Geesthacht. Schulen in Geesthacht sind inzwischen viel zu klein, es fehlen Räume. Lehrer, Politik und die Verwaltung sind offen für neue Ideen.
Der Schulunterricht ist im Wandel: Youtube-Videos spielen bei den Vorbereitungen eine immer größere Rolle, und erst recht durch künstliche Intelligenz wie ChatGPT und Co. wird sich die Art des Lernens noch weiter verändern. „Wir müssen den Schülern die Kompetenzen für das 21. Jahrhundert vermitteln“, plädiert Olaf-Axel Burow, Professor für allgemeine Pädagogik an der Universität Kassel, für einen Wandel des deutschen Schulsystems. Am Otto-Hahn-Gymnasium Geesthacht (OHG) stellte Burow seine Thesen für die „Schule der Zukunft“ vor.

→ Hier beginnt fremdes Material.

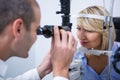 Optometrist examining female patient on slit lamp Royalty Free Stock Photo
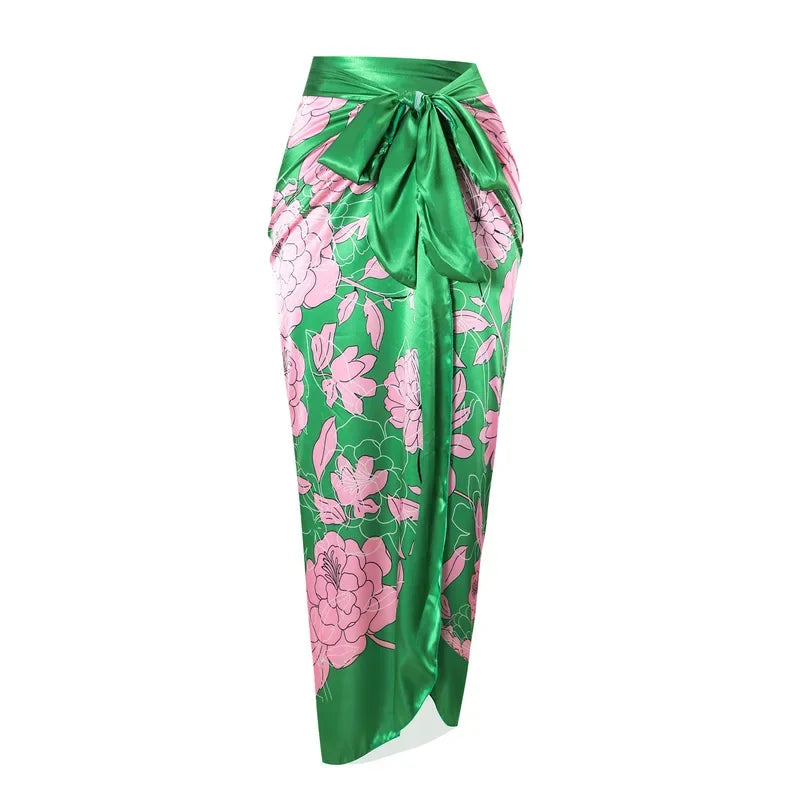 Green and pink floral patterned skirt on a white background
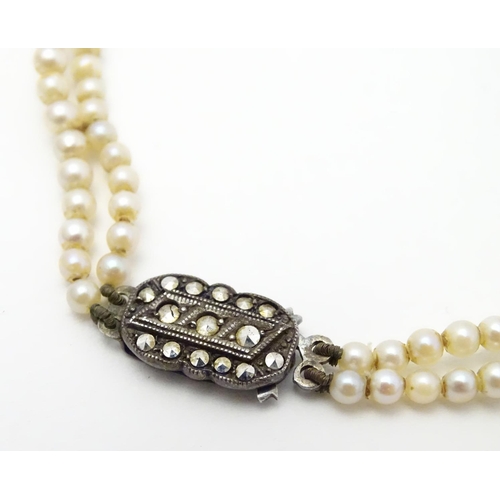 472 - A double strand pearl necklace  / choker of graduated pearls with silver and marcasite clasp. approx... 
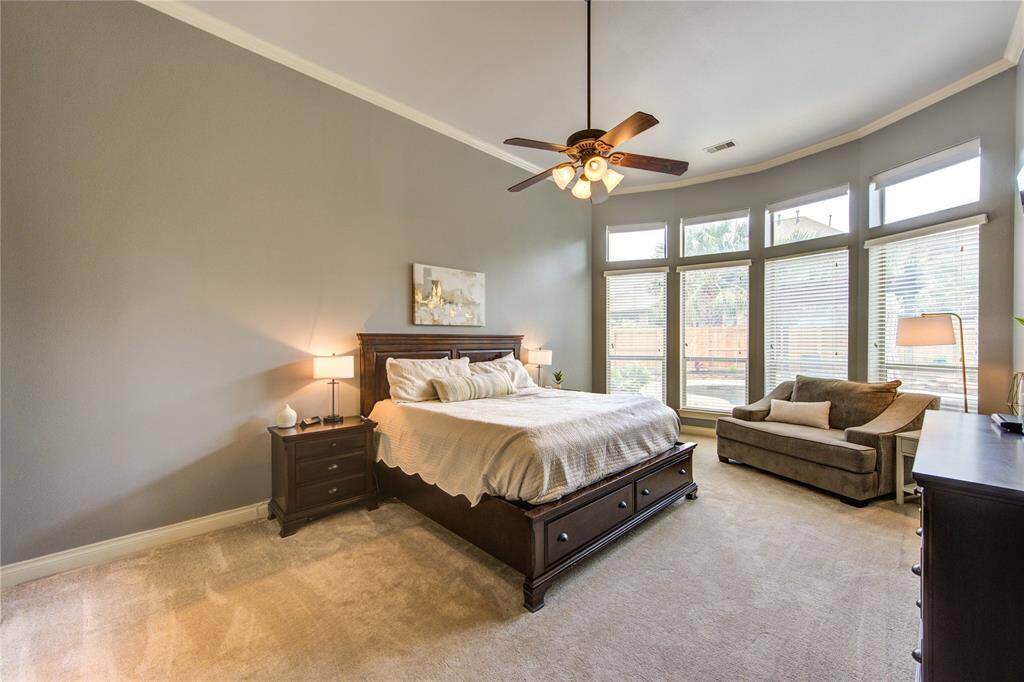 Large primary bedroom with remote controlled upper shades with an upgraded bay window. 21 feet by 14 feet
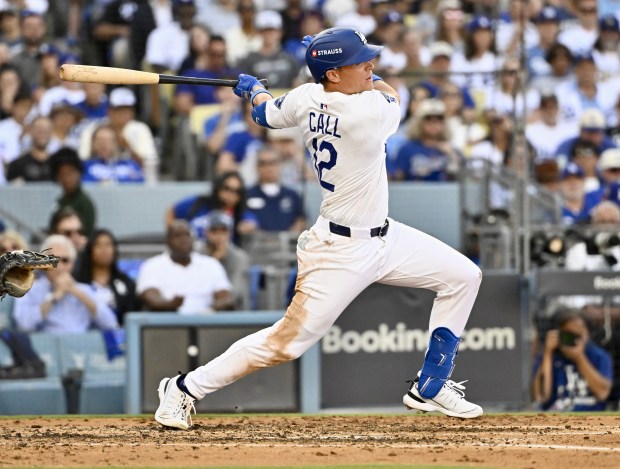 The Dodgers’ Alex Call hits a single during the fifth...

Das bekommt vor Ort insofern eine besondere Bedeutung, weil Geesthacht großflächig in Schulen investieren muss und will. An allen vier Grundschulen sowie den drei weiterführenden Bildungseinrichtungen fehlen Räume. Einerseits, weil ab 2026 ein Anspruch auf Ganztagsbetreuung für Grundschüler gilt, andererseits wegen allgemein steigender Schülerzahlen in der wachsenden Elbestadt. Mindestens 50 Millionen Euro nimmt Geesthacht dafür in die Hand. „Die Flurschule ist out. Es geht weg vom Klassenraum und hin zur offenen Lernlandschaft“, sagt Olaf-Axel Burow.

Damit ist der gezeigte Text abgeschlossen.